The follwing project was done as part of a Data Analytics class.
The goal is to correctly identify handwritten digits. The dataset used is the famous MNIST handwritten dataset available on Kaggle.
Data source: https://www.kaggle.com/c/digit-recognizer
The dataset contains images of handwritten digits 0 to 9. Each image is 28 pixels in height and 28 pixels in width, for a total of 784 pixels in total. Each pixel has a single pixel-value associated with it, indicating the lightness or darkness of that pixel, with higher numbers meaning darker. This pixel-value is an integer between 0 and 255, inclusive. So each row represents an image, with the individual pixel values in each of the 784 positions along with (or without) the label.

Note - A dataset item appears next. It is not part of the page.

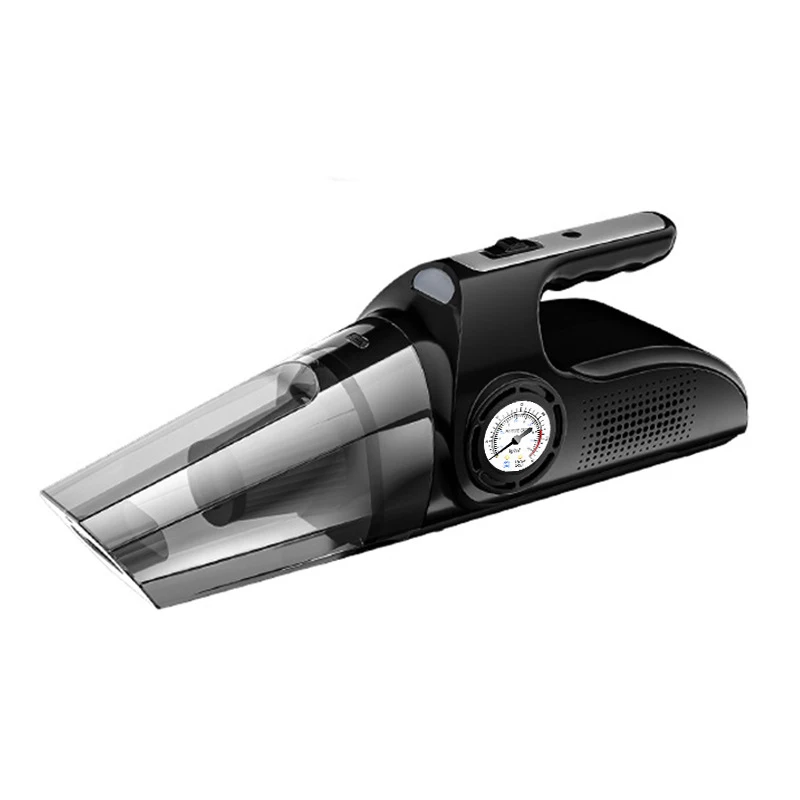 Многофункциональный портативный беспроводной автомобильный пылесос с воздушным компрессорным насосом для накачки шин со светодиодным светом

The aim is to correctly identify the unlabelled digits in our test dataset. Using 2 different algorithms, Naive-Bayes Classifier and Random Forest Classifier, I chose the 'better' model for running the final predictions on the unlabelled data before submitting it to Kaggle for evaluation.
I used a 80:20 split for the labelled dataset to divide between training and validation sets. The output had 10 different outcomes, pertaining to all 10 digits, 0 to 9. Hence, the models buiilt were multiclass classifiers.
For the first algorithm, I used the Multinomial Naive-Bayes Classifier and tuned the hyperparameters to obtain a final accuracy of 82%.